§ EXERCISE DESCRIPTION:
Reproduce exactly, from the data that follows, the line with "Un hotel de", the line with "Postel nebo postele", and every line that lies between them.

§ DATA FOR REVIEW:
···

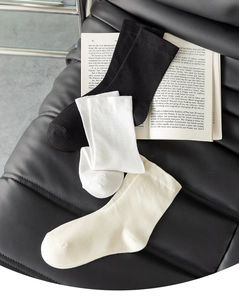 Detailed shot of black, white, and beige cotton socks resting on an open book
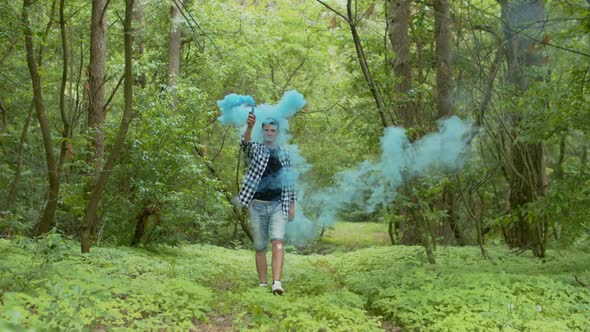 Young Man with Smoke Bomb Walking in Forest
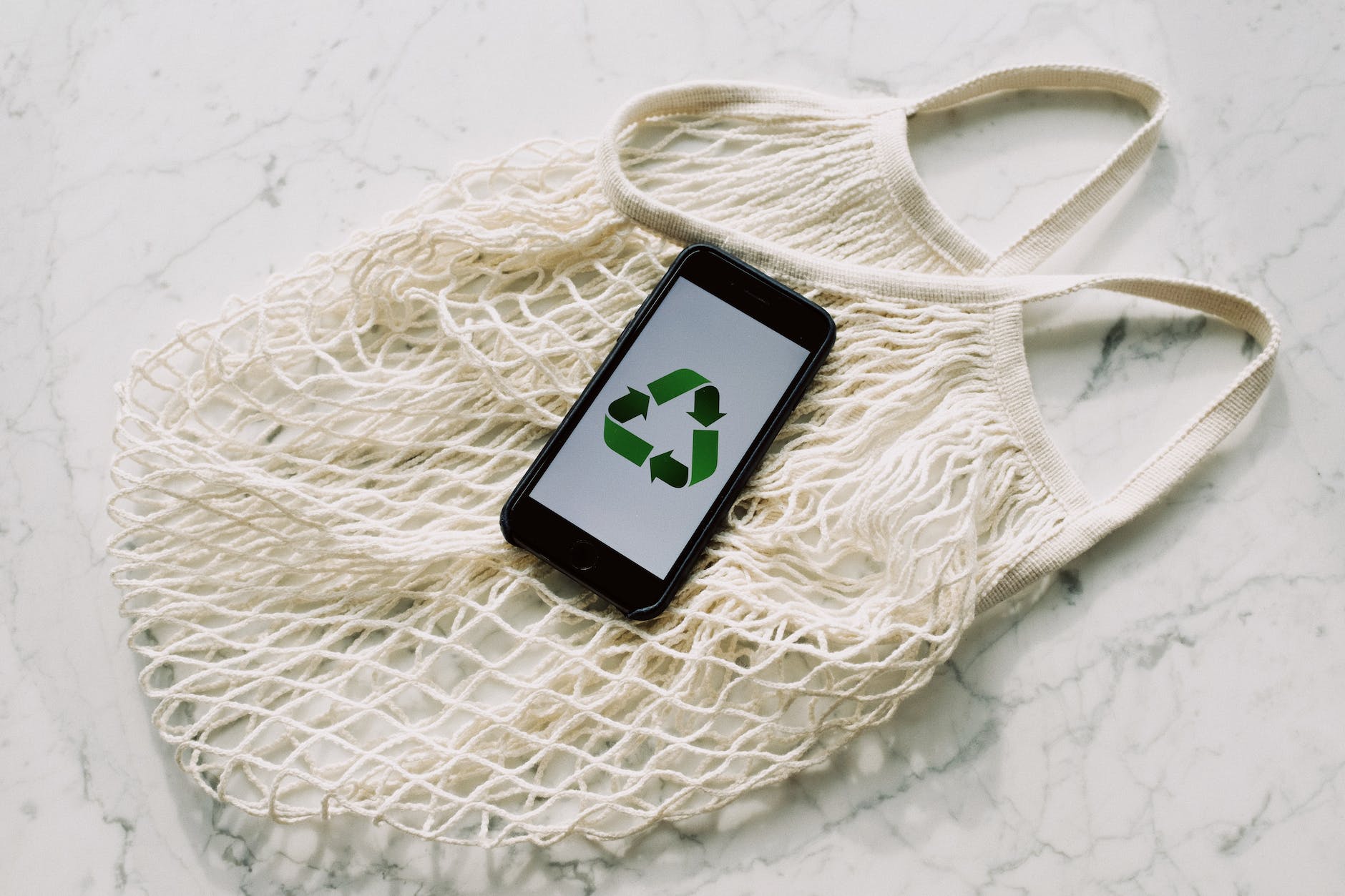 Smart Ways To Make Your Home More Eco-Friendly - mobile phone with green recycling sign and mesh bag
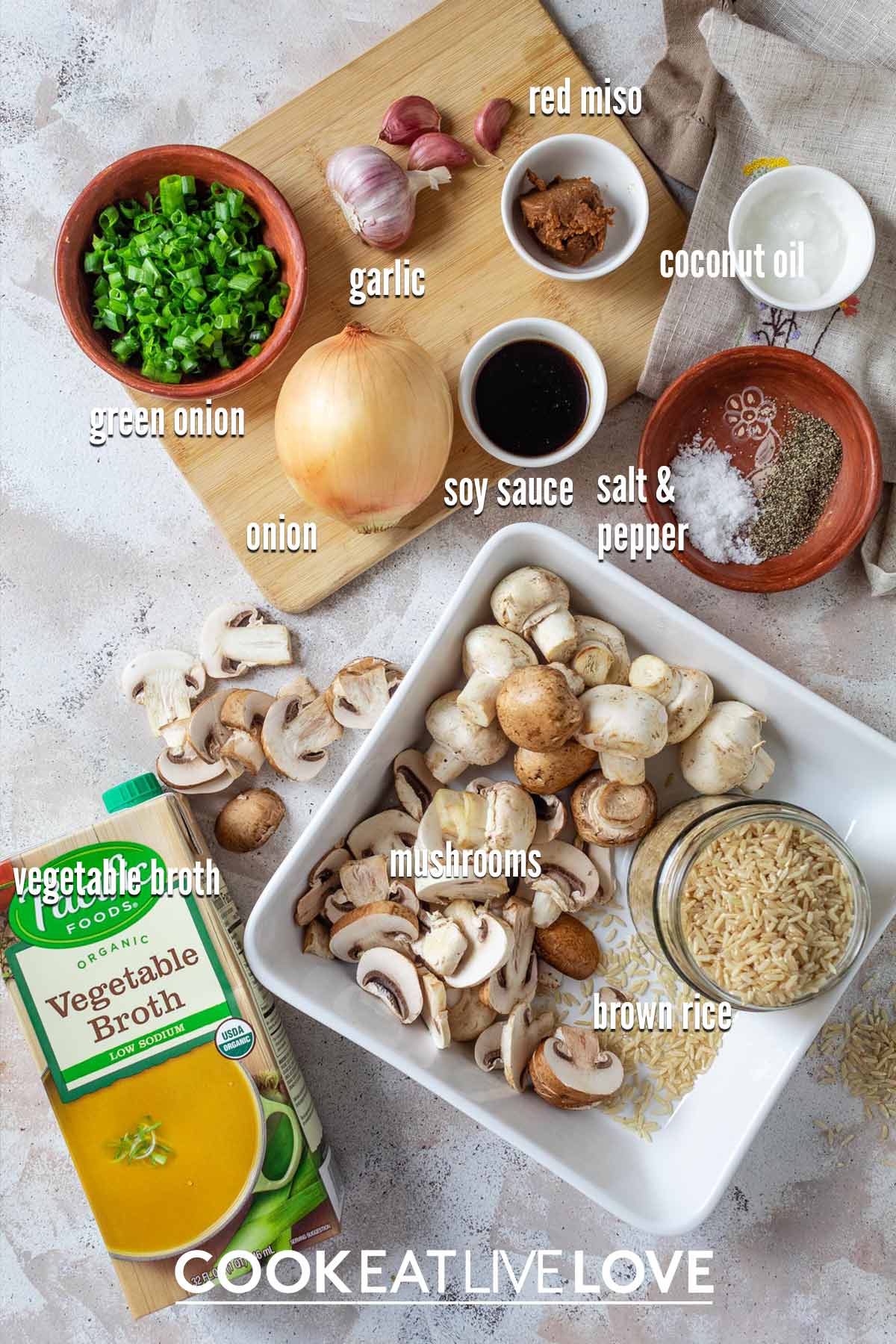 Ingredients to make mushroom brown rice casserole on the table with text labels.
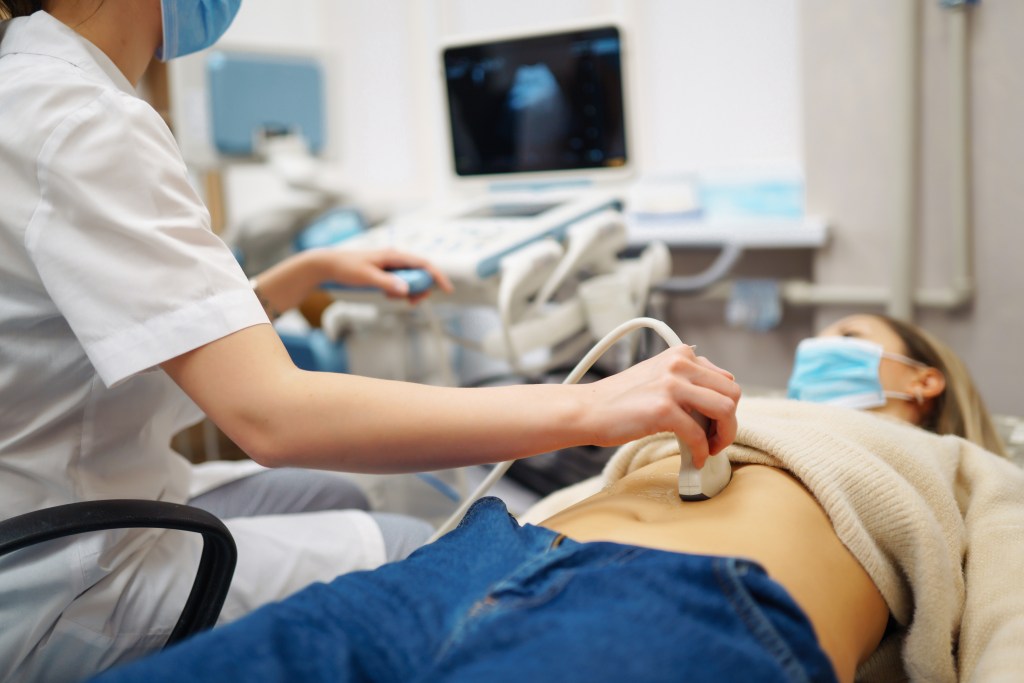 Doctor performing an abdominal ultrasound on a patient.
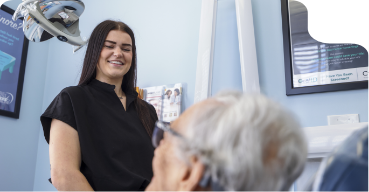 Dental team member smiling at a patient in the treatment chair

···

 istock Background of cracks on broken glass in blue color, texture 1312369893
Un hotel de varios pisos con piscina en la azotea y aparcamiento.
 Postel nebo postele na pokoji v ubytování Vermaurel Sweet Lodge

···

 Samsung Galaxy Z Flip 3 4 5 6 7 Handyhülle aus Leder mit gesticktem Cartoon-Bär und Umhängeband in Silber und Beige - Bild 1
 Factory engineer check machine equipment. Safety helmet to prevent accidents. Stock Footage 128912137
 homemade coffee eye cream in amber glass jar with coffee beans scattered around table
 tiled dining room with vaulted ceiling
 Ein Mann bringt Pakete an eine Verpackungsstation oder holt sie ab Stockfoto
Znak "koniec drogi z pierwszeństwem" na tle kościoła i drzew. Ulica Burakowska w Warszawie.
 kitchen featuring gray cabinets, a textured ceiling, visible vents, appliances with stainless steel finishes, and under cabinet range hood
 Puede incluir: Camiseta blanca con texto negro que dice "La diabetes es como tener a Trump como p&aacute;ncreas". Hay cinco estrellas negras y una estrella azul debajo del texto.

···

§ RESULT BELOW:
Un hotel de varios pisos con piscina en la azotea y aparcamiento.
 Postel nebo postele na pokoji v ubytování Vermaurel Sweet Lodge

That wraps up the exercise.